It’s someone’s penchant for grit that is the best indication of success
Recent studies in social science have articulated that intelligence, or more vaguely, talent, isn’t the main predictor of success in life. Instead, it’s someone’s penchant for grit, which can be loosely defined as passion and perseverance for long term goals, that is the best indication of success.
Angela Lee Duckworth, one of the main psychologists behind the research on grit, breaks down the primacy of this characteristic over others in the TED Talk below:
The Finite Nature of Best Practices
As marketers, we scour the web for best practices, download voluminous ebooks, and attend conferences in search of the magic formula that will turn wilting efforts into fertile campaigns. In essence, we’re searching for talent in hopes that someone more capable can show us how to succeed at lead generation.
Certainly there are established ways of building successful lead generation campaigns, and they should be adhered to up to a point. But at a certain moment, the expert ideas will run out, and you’ll simply need to keep working to dig up the right solution. At some point, you must break the mold and be the one setting best practices, not following them.

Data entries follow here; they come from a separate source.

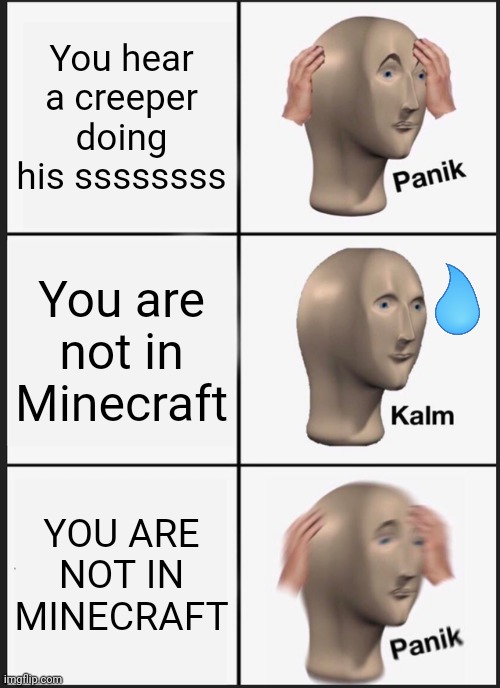 Panik Kalm Panik | You hear a creeper doing his ssssssss; You are not in Minecraft; YOU ARE NOT IN MINECRAFT | image tagged in memes,panik kalm panik | made w/ Imgflip meme maker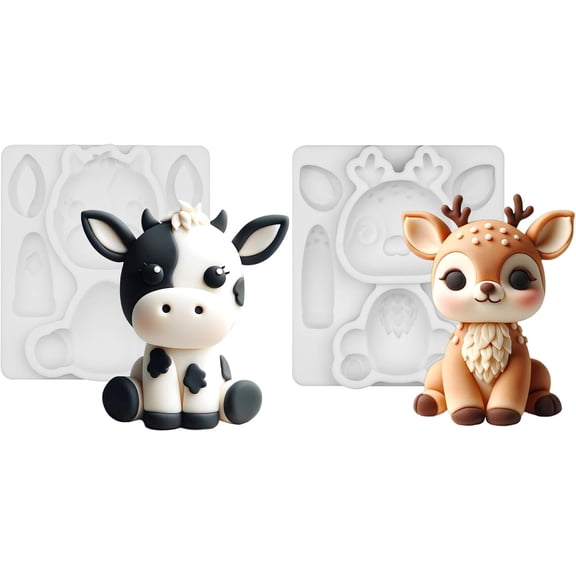 Sxpopstore Cow Deer Fondant Mould Silicone for Gum Paste with Jelly and Marzipan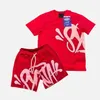 Мужской комплект с дизайнерским принтом, короткая футболка и шорты Synaword в стиле хип-хоп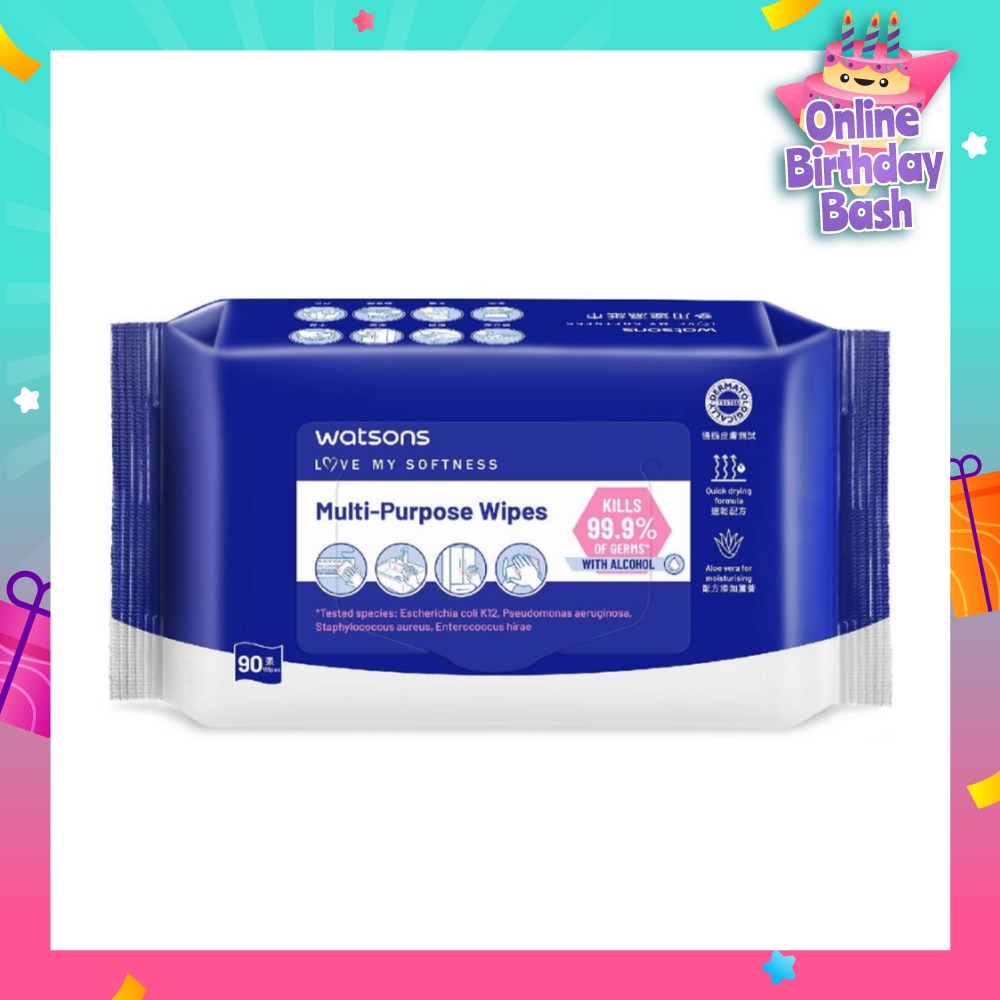 Multi-Purpose Wipes (Kills 99% Of Germs, With Alcohol) 90s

In lead generation, it’s rare that success happens as a landslide. The search for the secret formula is a pipe dream. The minutia of each industry and audience is too great for one single “hack” to open the floodgates. Rather, it’s more likely you’ll hit your goals through a marathon-like series of small improvements.
To prove the utility of grit to lead generation, let’s examine a couple scenarios where pivoting would have been easier than perseverance — even though success could have been reached through the latter.
1. Abandoning Content without Proper Distribution
According to analysis from Parse.ly, the average lifespan for an online article is 2.6 days. (Lifespan in this context refers to when an article reaches 90 percent of its page views.) Now, this data must be taken with a grain of salt because a significant portion of the articles were likely news-related, meaning they weren’t formatted for lead generation.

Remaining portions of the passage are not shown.